__COLLECTED DATA__
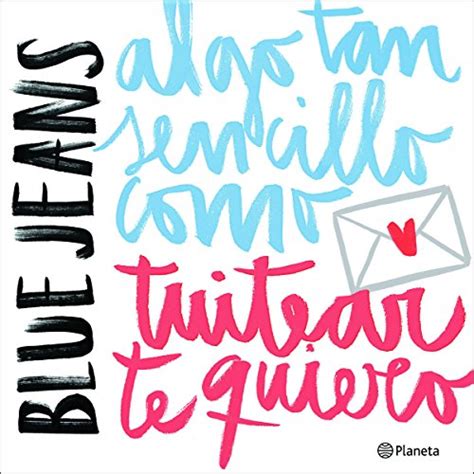 Algo tan sencillo como tuitear te quiero: Serie Algo tan sencillo 1 ...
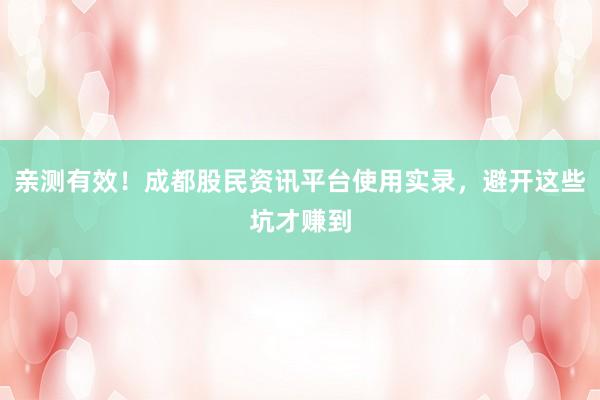 亲测有效！成都股民资讯平台使用实录，避开这些坑才赚到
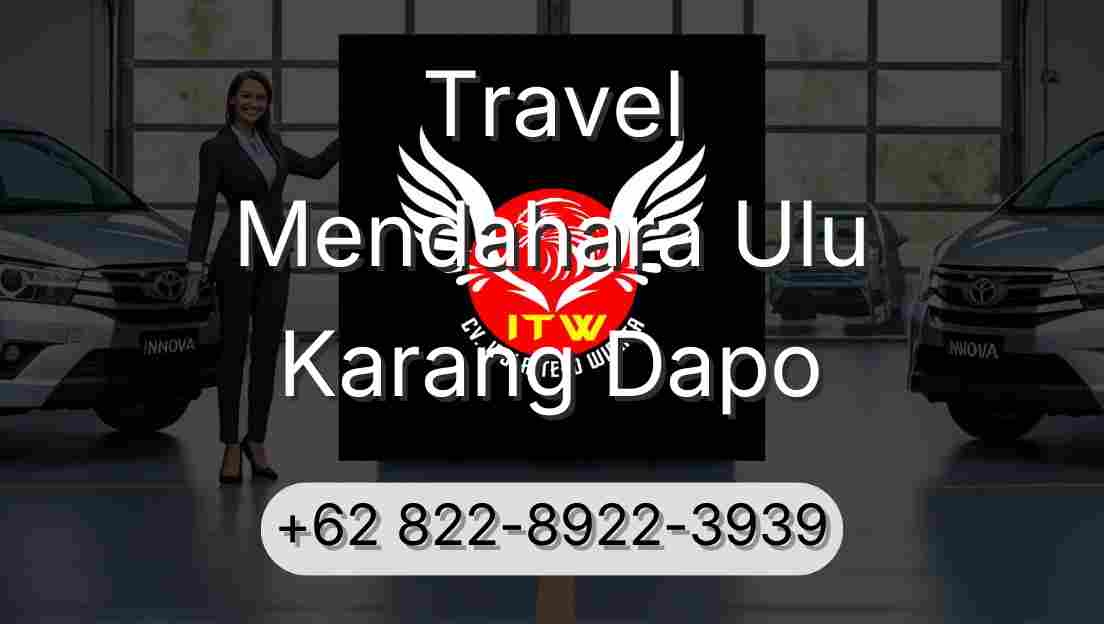 Travel Mendahara Ulu Karang Dapo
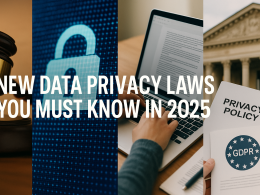New Data Privacy Laws You Must Know in 2025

__WHAT YOU SHOULD DO__
Leave the pictures out and output all of the data verbatim.

__EXERCISE SOLUTION__
 Algo tan sencillo como tuitear te quiero: Serie Algo tan sencillo 1 ...
 亲测有效！成都股民资讯平台使用实录，避开这些坑才赚到
 Travel Mendahara Ulu Karang Dapo
New Data Privacy Laws You Must Know in 2025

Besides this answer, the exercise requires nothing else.